──────── Exercise inputs

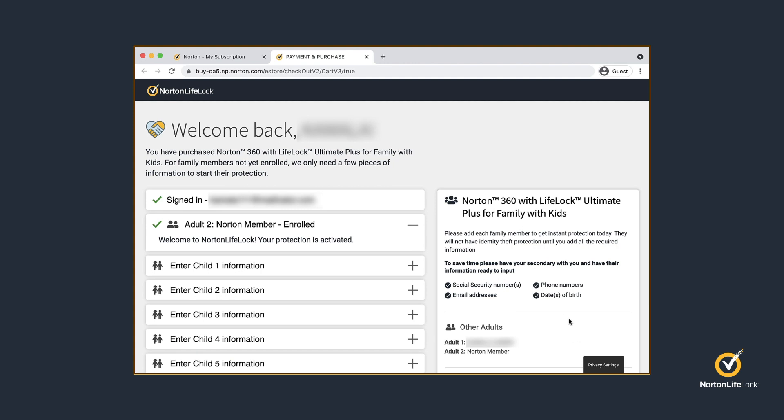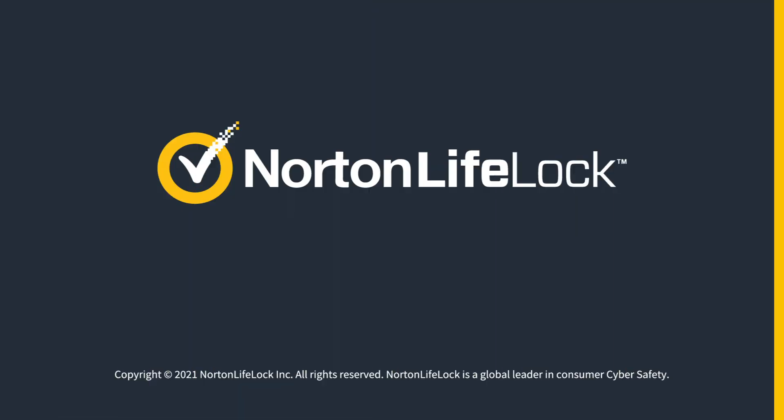That's it! You have successfully added a member. The newly added member will receive a welcome email from Norton LifeLock. If you need more help, please visit support.norton.com. Thanks for watching.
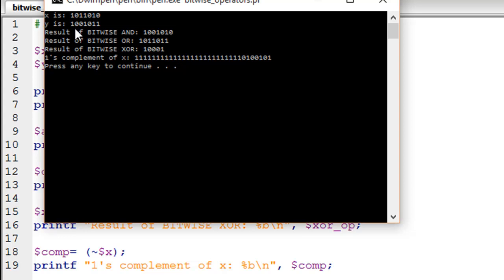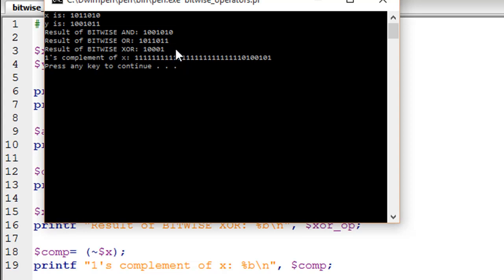Exclusive OR gives you 1 where the bits are different and 0 otherwise. Ones complement just changes ones to zeros and zeros to ones. These would be 32 bits because this is a 32-bit Perl interpreter. When you store X in memory, leading zeros are stored to fill the 32-bit register, and when you perform ones complement all those leading zeros are converted to ones — that's why we see a bunch of leading ones in the output.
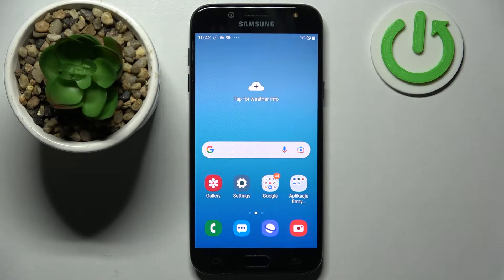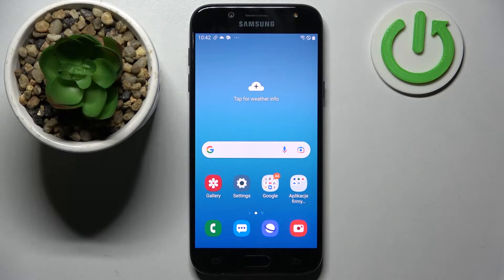Hi! In front of me is Samsung Galaxy J5 2017, and today I would like to show you how you can check all device specifications of this smartphone.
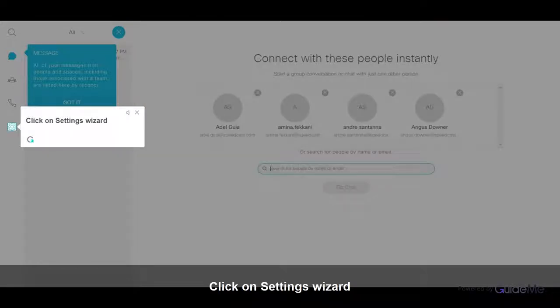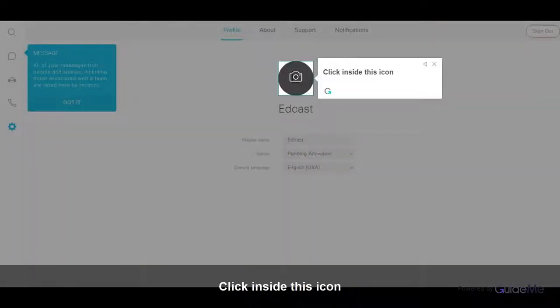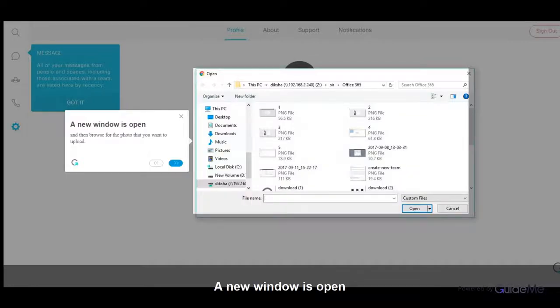Click on Settings Wizard. Click inside this icon. A new window will open.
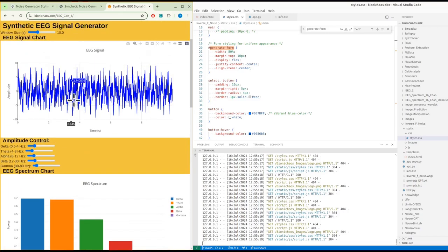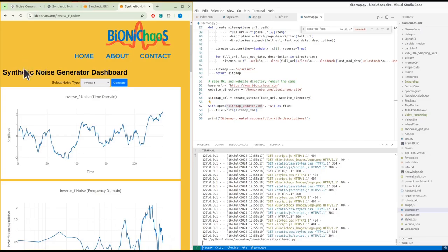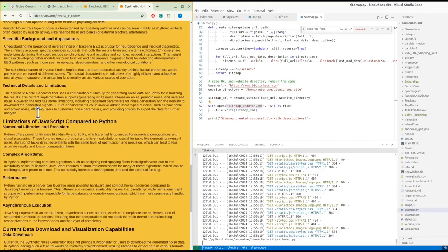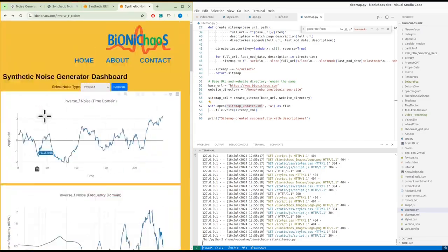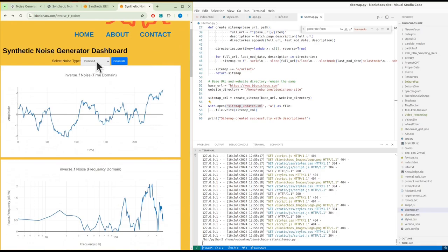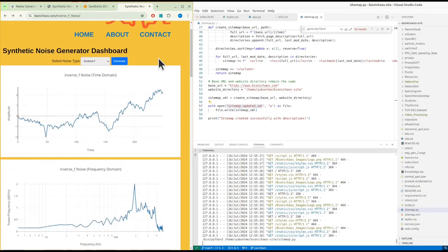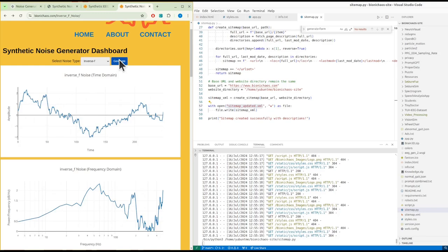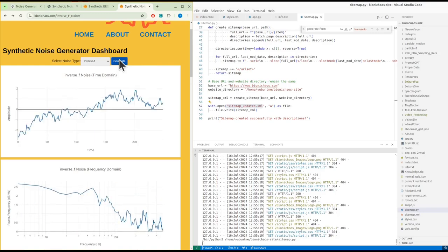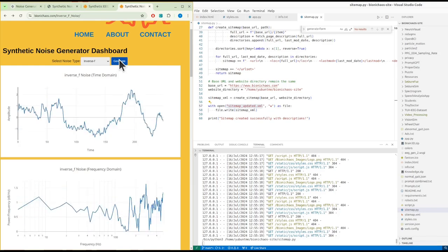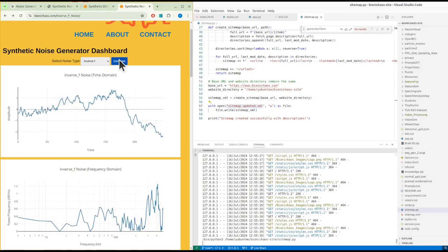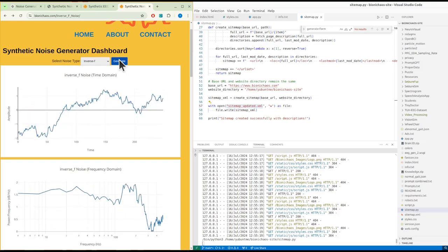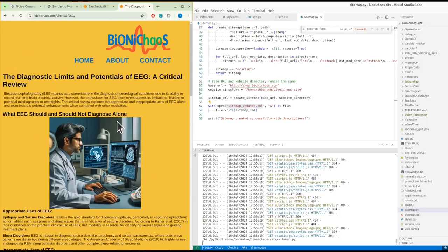There's not much to EEG - it's essentially amplitude and frequency. Yes, there are interactions between channels and so on and so forth, but we'll start with one channel. And yes, this tool is also already available right now. The inverse f should be the default.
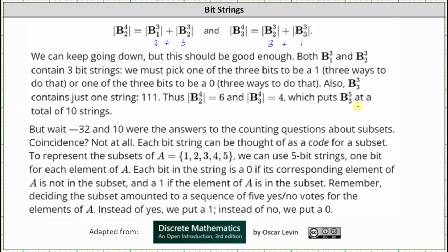Remember, the cardinality of B5,3 equals the cardinality of B4,2 plus the cardinality of B4,3. If we think about this, the values of 32 and 10 were the same answers we found in our counting questions about subsets in the earlier lesson. This is not a coincidence — each bit string can be thought of as a code for a subset.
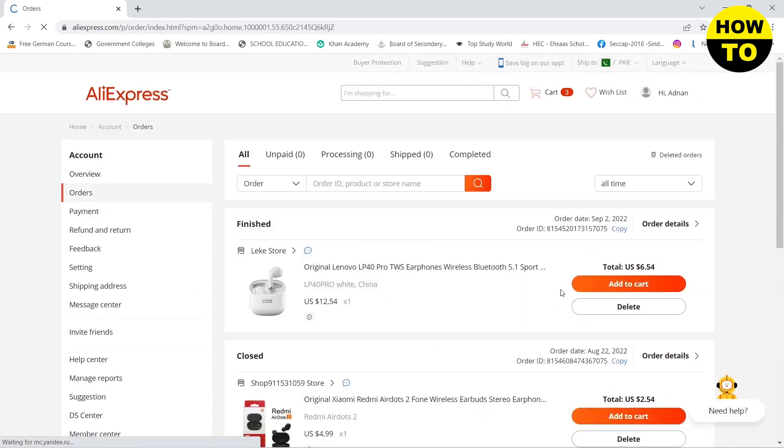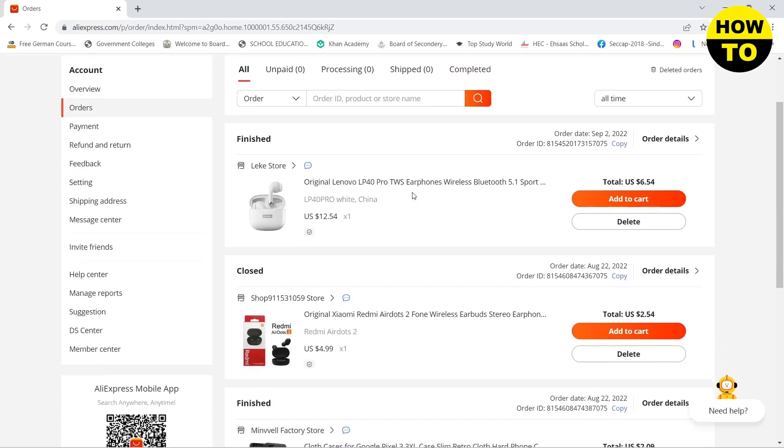Here you will see all of your orders that are unpaid, processing, or shipped. You can see that I have ordered some products, so if I want to track it,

────────────────

Copy out exactly the material that runs from the line with "Hi! In front" to the line with "Click on Settings", ends included, and leave the pictures behind.

Hi! In front of me is Samsung Galaxy J5 2017, and today I would like to show you how you can check all device specifications of this smartphone.
Click on Settings Wizard. Click inside this icon. A new window will open.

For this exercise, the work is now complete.